WORLD German gov't to provide rapid assistance to flood victims


German gov't to provide rapid assistance to flood victims


10:07, July 20, 2021

A member of the Bundeswehr forces, surrounded by partially submerged cars, wades through the flood water following heavy rainfalls in Erftstadt-Blessem, Germany, on July 17, 2021. (Photo: Agencies)

BERLIN -- In the wake of severe flash floods that have hit Germany in recent days, the government could greenlight emergency aid and reconstruction assistance worth billions of euros as early as Wednesday, Interior Minister Horst Seehofer said at a press conference here on Monday.

"People can count on us not only to talk about it in these very serious hours, but also to implement things quickly," Seehofer said.

Last week, the intense rainfall and the ensuing catastrophic floods in part of Germany blocked roads and highways, cut off electricity and swept away entire houses. North Rhine-Westphalia and Rhineland-Palatinate were hit particularly hard, with more than 160 people killed, around 750 injured and many still missing.

Mobile networks and electricity grids in the affected areas are still not working properly. According to Germany's largest mobile network operator Vodafone, one in six base stations were still cut off from the network on Monday, with many sites damaged or even completely destroyed.

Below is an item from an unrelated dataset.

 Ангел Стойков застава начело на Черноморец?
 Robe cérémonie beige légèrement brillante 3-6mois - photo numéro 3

Westnetz, the region's biggest grid operator, is still busy getting electricity running again. The task is made difficult because all buildings connected to the power lines have to be individually checked for water levels first.

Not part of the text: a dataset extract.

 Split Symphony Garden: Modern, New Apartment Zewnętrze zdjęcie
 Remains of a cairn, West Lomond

In some regions like Ahrtal, it is "not foreseeable yet" when electricity will run again, according to Westnetz. The company is currently working on "provisionally restoring electricity" with emergency generators, many of which were donated by other German companies, such as E.ON subsidiary VSE.

Although extreme summer rainfall events have always occurred, "the observed increase in frequency and intensity in recent years is clearly related to climate change," Thomas Kesseler-Lauterkorn of the German Weather Service told Xinhua. Nonetheless, the flash floods could be described as a "once-in-a-century event".

Germany would face "such climate events more often in the future, and we need better prevention", said North Rhine-Westphalia's Minister President Armin Laschet, who visited the Steinbachtal Dam together with Seehofer, where thousands of helpers were able to prevent a collapse of the dam and further flooding by pumping out water.